Hardly surprising, then, that the freshly-negotiated CAI trade deal is now inextricably tied up with the latest diplomatic and sanctions dispute and it’s perhaps partly for that reason Beijing has focused its retaliatory moves at the EU. But there is another reason, too, why China has concentrated its response on the EU and hitting back as hard as possible at America’s allies.

“Size matters,” says Joerg Wuttke, the Beijing-based president of the European Chamber of Commerce in China and a board member of the Mercator Institute of China Studies, one of the entities sanctioned by Beijing in its tit-for-tat-response with the EU. “They (China) are more cautious about the US and they go full-on after Canada, Australia and the European Union,” Wuttke told Bloomberg News.

Others watching how things will play out, like Bates Gill, professor of Asia-Pacific Security Studies at Australia’s Macquarie University, warn that this could be just the beginning.

“Both sides, China on one side and other advanced, typically liberal democracies on the other, will be testing the other to see how much pain they can tolerate,” observed Gill.

“There is much more decoupling that can happen, and we should expect it, especially in areas of high-tech trade, investment, and access to capital markets.”

Urge to boycott

ALREADY major companies are feeling the heat of the political firestorm surrounding the diplomatic crisis, as Chinese consumers are being urged to boycott Western brands.

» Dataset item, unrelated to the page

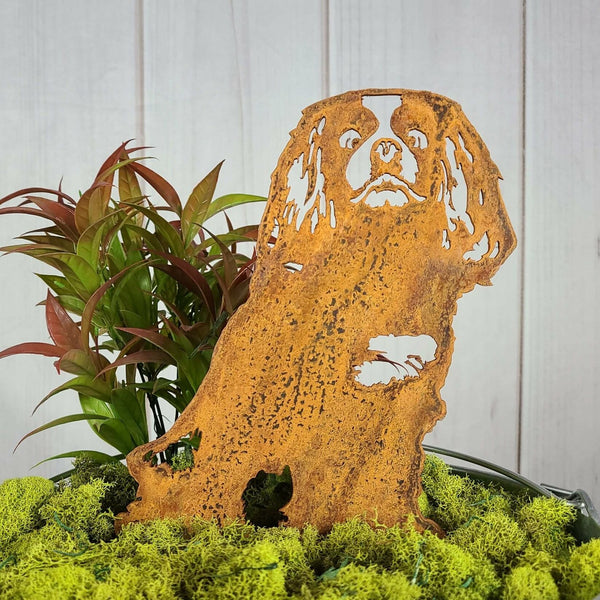 Cavalier King Charles Spaniel Corten steel dog silhouette, rusted patina finish – My Metal Rescue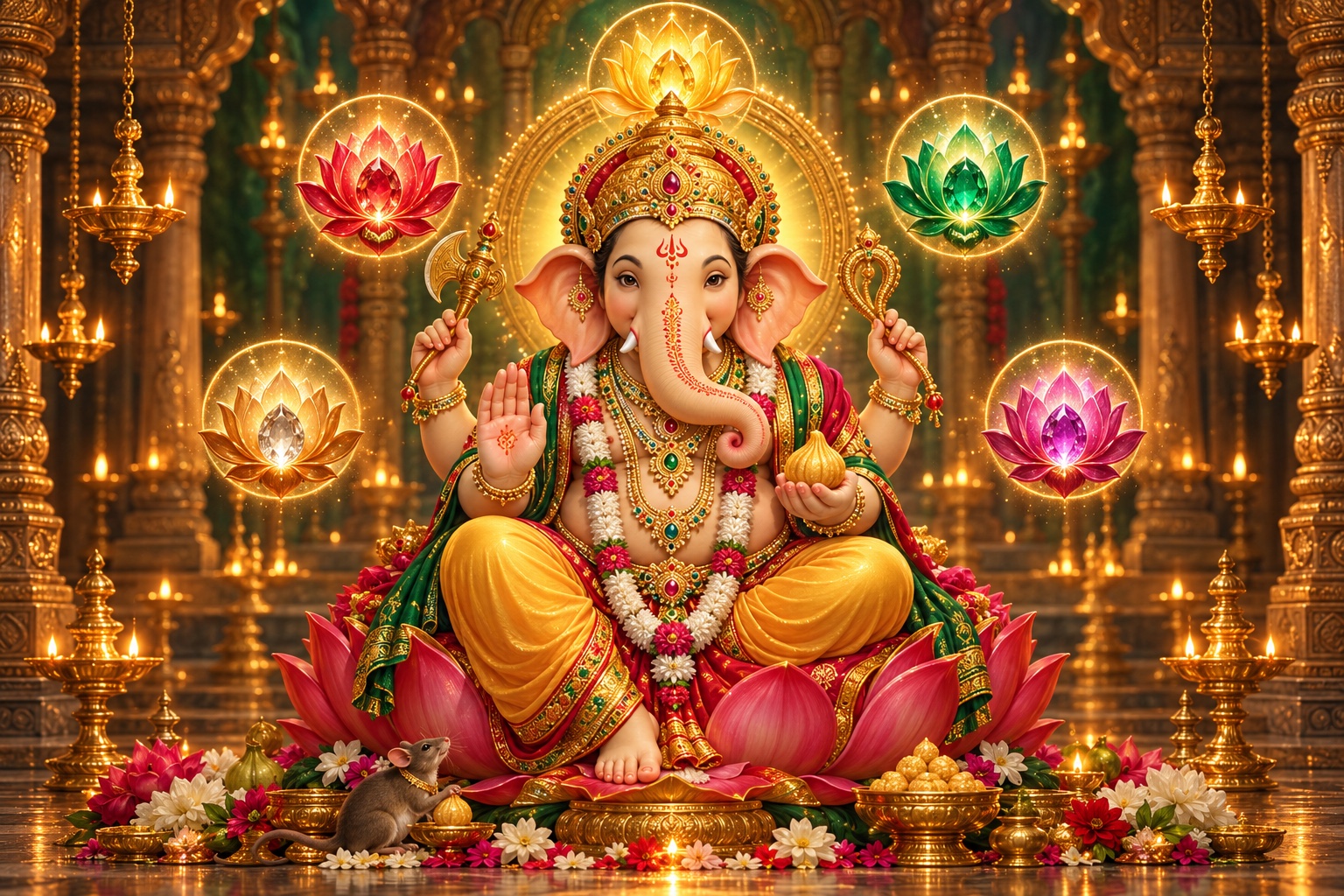 Lord Ganesha seated beneath a flowering tree with devotees offering lamps, an original devotional illustration.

The retailers, among them H&M and Nike, face boycotts because of stands they’ve taken in the past against the alleged use of forced Uighur labour to produce cotton in Xinjiang.

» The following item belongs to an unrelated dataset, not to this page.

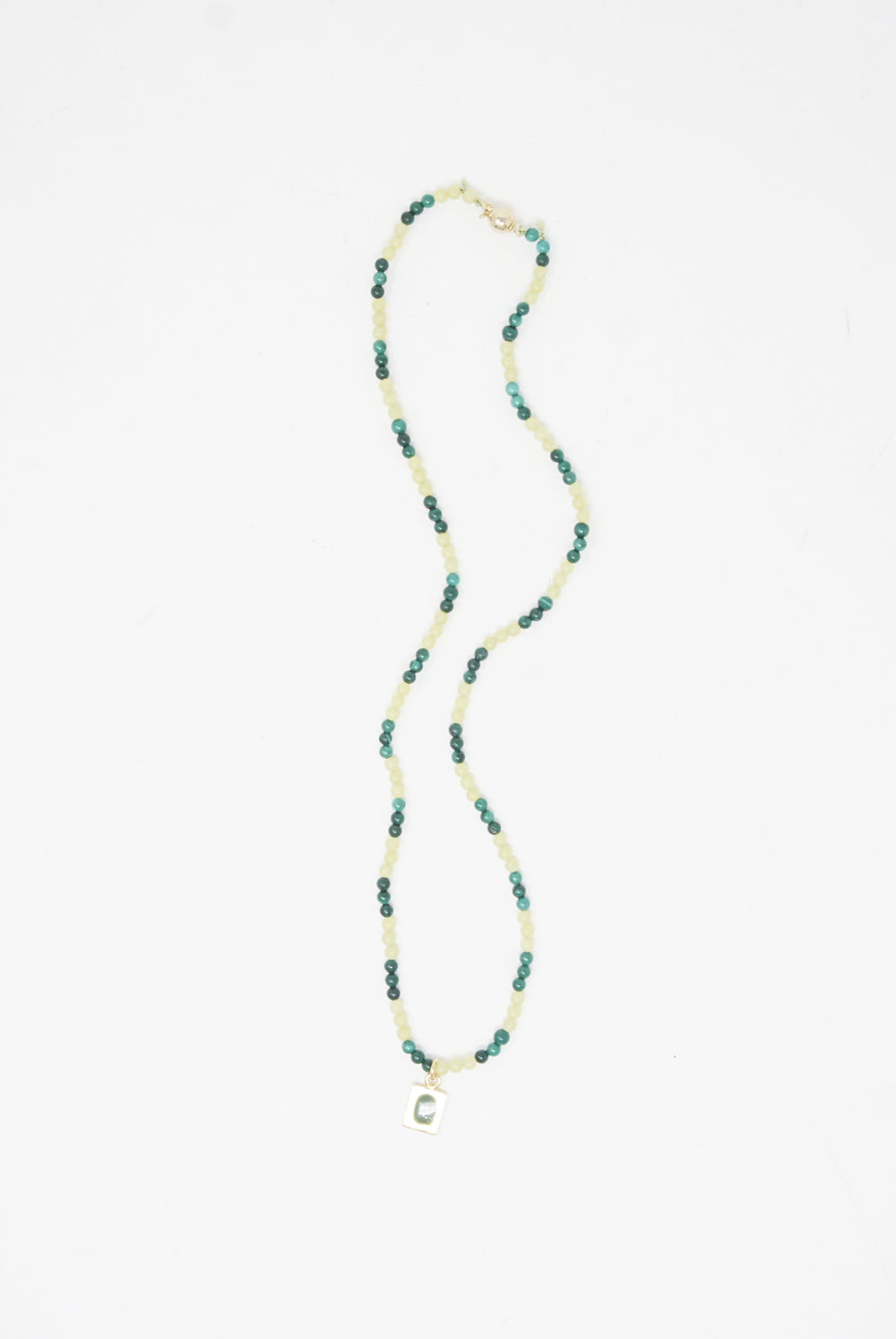 Abby Carnevale - 14K Gold Plated Brass Small Bead Necklace 18" in Green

The outrage is said to have been triggered by a social media post from a group linked to China’s ruling Communist Party. The party newspaper Global Times also criticised statements by Burberry, Adidas, New Balance and Zara about Xinjiang as early as two years ago, but this new round of pressure on companies is by far the most intense for some time.

Dozens of Chinese celebrities have terminated contracts or said they will cut ties with the brands, while H&M, the world’s second-largest clothing retailer, has been pulled from major e-commerce sites.

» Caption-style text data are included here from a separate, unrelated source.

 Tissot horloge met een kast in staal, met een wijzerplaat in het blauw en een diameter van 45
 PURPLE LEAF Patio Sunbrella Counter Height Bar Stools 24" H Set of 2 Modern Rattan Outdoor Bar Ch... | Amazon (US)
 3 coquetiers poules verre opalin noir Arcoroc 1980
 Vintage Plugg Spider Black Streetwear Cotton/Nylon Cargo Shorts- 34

On Friday, award-winning Chinese actress Zhou Dongyu terminated her contract with Burberry as the brand’s ambassador. Burberry had not “clearly and publicly stated its stance on cotton from Xinjiang”, her agency said on Thursday.

These latest boycotts will only up the ante in tensions between Beijing and the West that have run hot and cold for more than half a century.

Ultimately, say many geopolitical analysts, it’s this degree of interdependency between China and its rivals, who also double as its essential trading partners, that will determine how this crisis will play out. It’s worth remembering that whatever tit-for-tat trading of sanctions goes on, the US and China exchange more than half a trillion dollars in goods and services annually, making for one of the top three global bilateral trade relationships.

China, moreover, owns as much as $1 trillion in US sovereign debt, and is the largest market for many US firms. All this before even beginning to consider the EU and other trading partners with China.

So, are we looking at another Cold War with China? Few would call it that but what is currently playing out is undoubtedly a reshaping of a global trade and diplomatic landscape fashioned by new factors and not seen in years. While it’s certainly a lot more serious than “live action role-playing”, it’s still a far cry from the frosty embrace of its Cold War predecessor. At least so far anyway.